Big Data Integration - State of the Art & Challenges

Presented on 23 Oct at IC3K 2014

Keynote Lecturer: Sonia Bergamaschi

Abstract: Big data is a popular term for describing the exponential growth, availability and use of information, both structured and unstructured. Much has been written on the big data trend and its potentiality for innovation and growth of enterprises. The advise of IDC (one of the premier advisory firm specialized in information technology) for organizations and IT leaders is to focus on the ever-increasing volume, variety and velocity of information that forms big data. In most cases, such huge volume of data comes from multiple sources and across heterogeneous systems, thus, data have to be to linked, matched, cleansed and transformed.
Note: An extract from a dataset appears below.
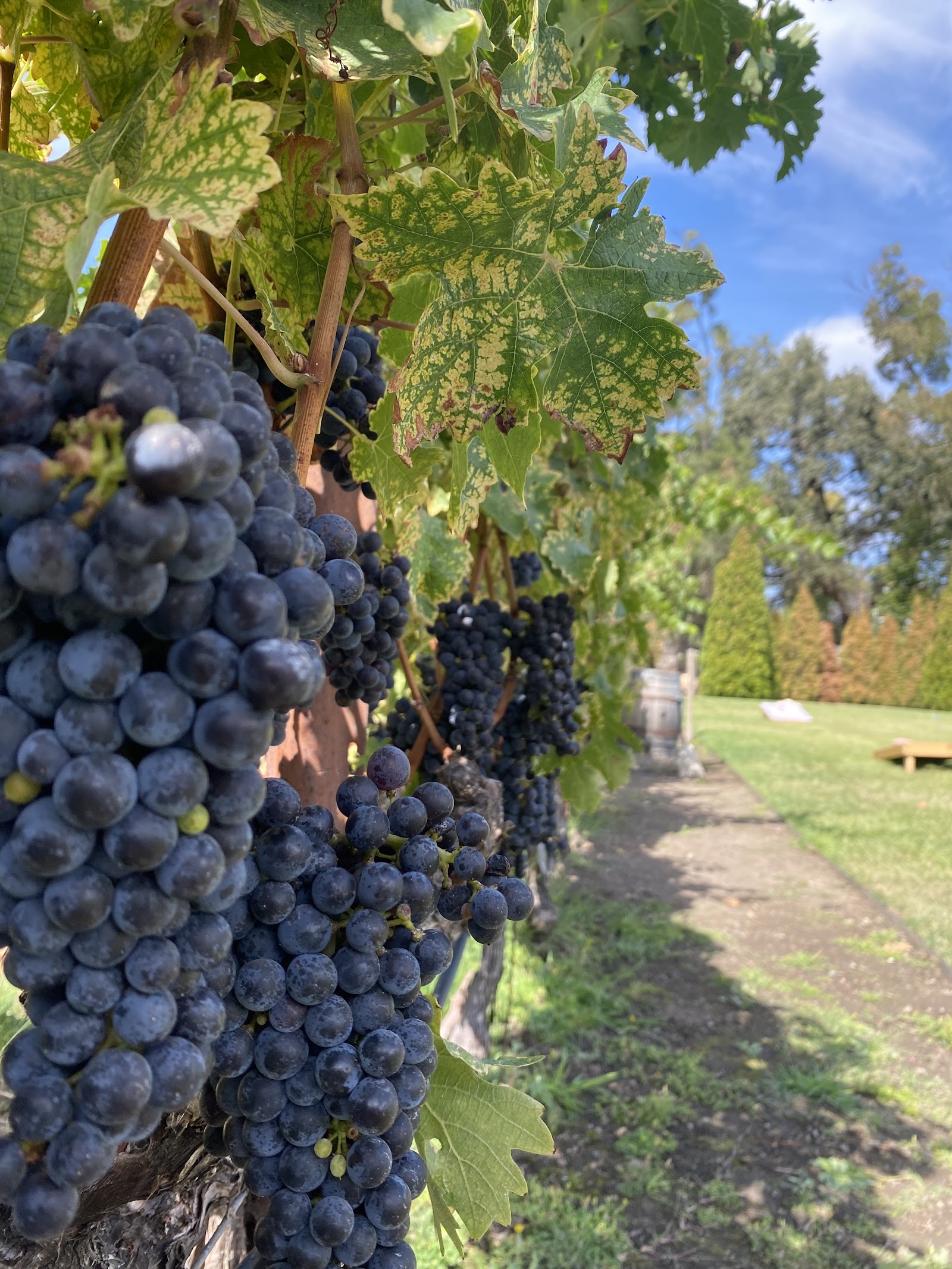 Photo of Napa Cellars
Moreover, it is necessary to determine how disparate data relates to common definitions and how to systematically integrate structured and unstructured data assets to produce useful, high-quality and up-to-date information. The research area of Data Integration, active since 90s, provided good techniques for facing the above issues in a unifying framework, Relational Databases (RDB), with reference to a less complex scenario (smaller volume, variety and velocity). Moreover, simpler forms of integration among different databases can be efficiently resolved by Data Federation technologies used for DBMS today. Adopting RDB as a general framework for big data integration and solving the issues above, namely volume, variety, variability and velocity, by using more powerful RDBMs technologies enhanced with data integration techniques is a possible choice. On the other hand, new emerging technologies came into play: NOSQL systems and technologies, datawarehouse appliances platforms provided by the major software players, data governance platforms, etc. In this talk, prof. Sonia Bergamaschi will provide an overview of this exciting field that will become more and more important.